<教養>の隙間

 それは突然だった。携帯に「出会い系サイトの使用料金が未払いなので連絡をしました」と。その瞬間に「あ〜あ、ハズレちゃったね」と思いつつ、ここは「名義はどなたですか」と相手の出方をまつ。「この電話番号を調べればわかる」と反応に「あ、やっぱりネ」と思っていたら、金額も言わないまま(笑)、突然「支払いますか。支払いませんか。」と急き立ててきた。「お〜、きたきた」と思いつつ「意味がわかりません」と聞き返したら、「支払わない場合は『裁判』をおこしますよ」とキメの一言が。それからは大きな展開もなく、「結構です」と「支払ってください」を何回か交わしたところで、「結構、結構じゃねえよ。シネッ。」と一方的にブチ切れされてジ・エンド。
 「オレオレ」の亜種のようなものだろう。同様の請求がメールで出回っていることがあったが、携帯でもあるようだ。「みなさん気を付けてください」というまでもないかもしれない。電話の向こうは同年代の若者だった。独特の軽いイントネーションを隠せないまま、それでも一生懸命使っている「丁寧語」が妙に悲しく響いた朝だった。みなさんだったらどのように対応するのでしょうか。
 ところで「裁判」はどれほどキメ言葉として機能するんですかね。どの業界でも「これをいえばイチコロ」的言葉があるでしょうが、これに限ればあんまりパンチ力がないなーと思ってみたり。話し手にも聞き手にも、<教養>の隙間をついているように聞こえてしまっているのが問題なのかな。
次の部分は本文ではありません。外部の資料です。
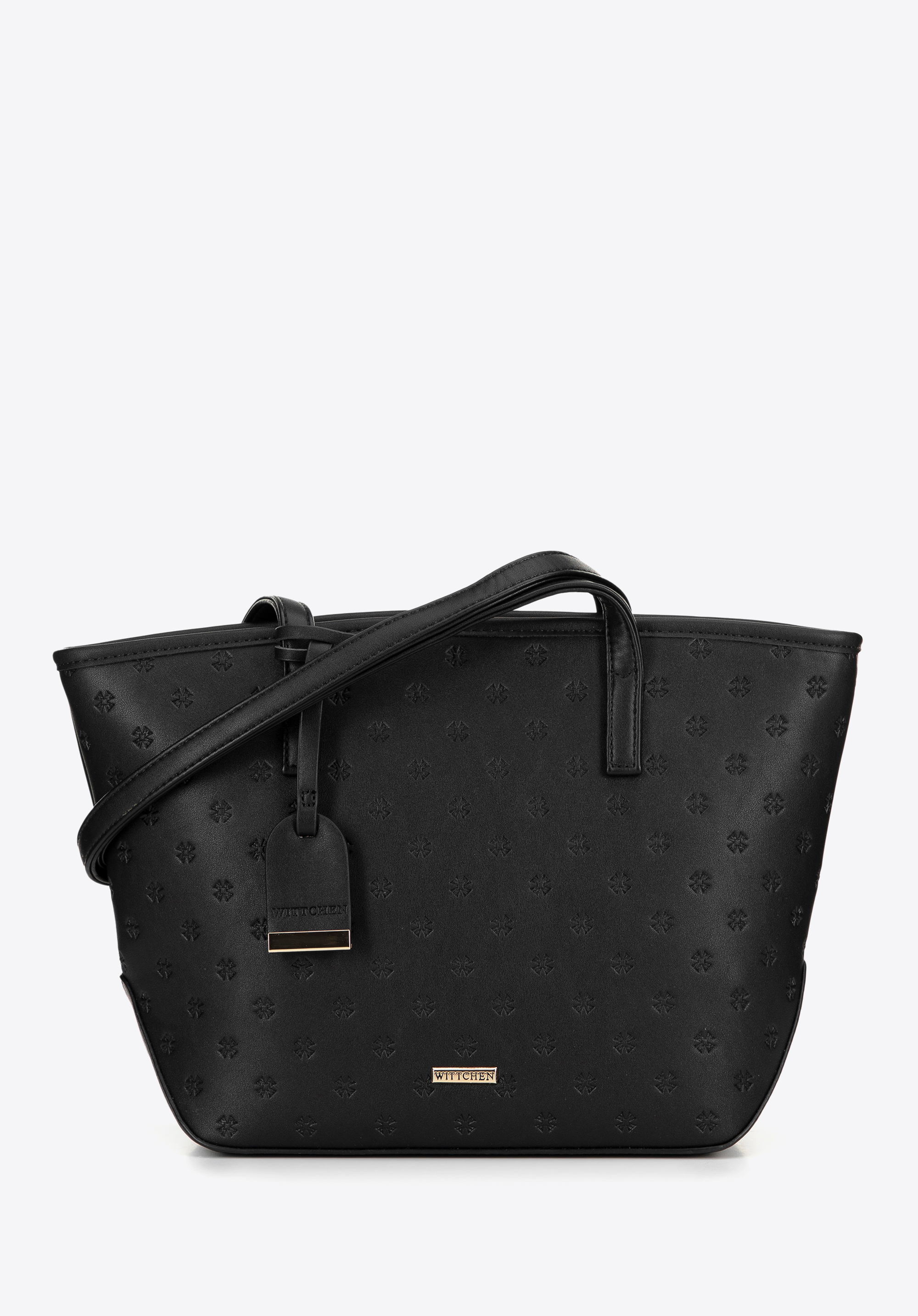 Damen Öko-Leder Shopper medium, schwarz, 100-4Y-218-1, Bild 1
 かなーり距離を置きつつも「1980年代論」ってことで。誰が「おたく」を語ることができるのか。大塚英志は、「現代美術に引用され」、「ポストモダン的な批評によって承認」される「オタク」に苛立ちを隠せない。彼にとってそれは「おたく」ではないのだ。ところが<愛>だけで「おたく」を語っても、なぜ彼が苛立つような語りが生じてしまうのかの説明にはならない。対象との距離感のなさから生じるつまらなさ。本書での大塚は自ら進んでネタ化しようとしているとしか思えない。なんでもかんでもネタ化したのが80年代だとしたら、それも当たり前なのかなと思いつつ。
 

 みうらじゅんだけじゃない。この世代において誰が「知識人」なのか。いや、きっとそんな「問い」は失効しているのだろう。<世界の切り取り方>が無限に認められる現在であるにも関わらず、みんながなんとなくしてしまう「お約束」は少なくない。脱啓蒙を偽装しつつ、泉麻人は「お約束」に楽しく光を当てていく。「お約束」は発見される。そしてそれは語られる。時には「なんでだろ♪」とつっこまれたりもする。視線の集中講座にはもってこいのテキストかな。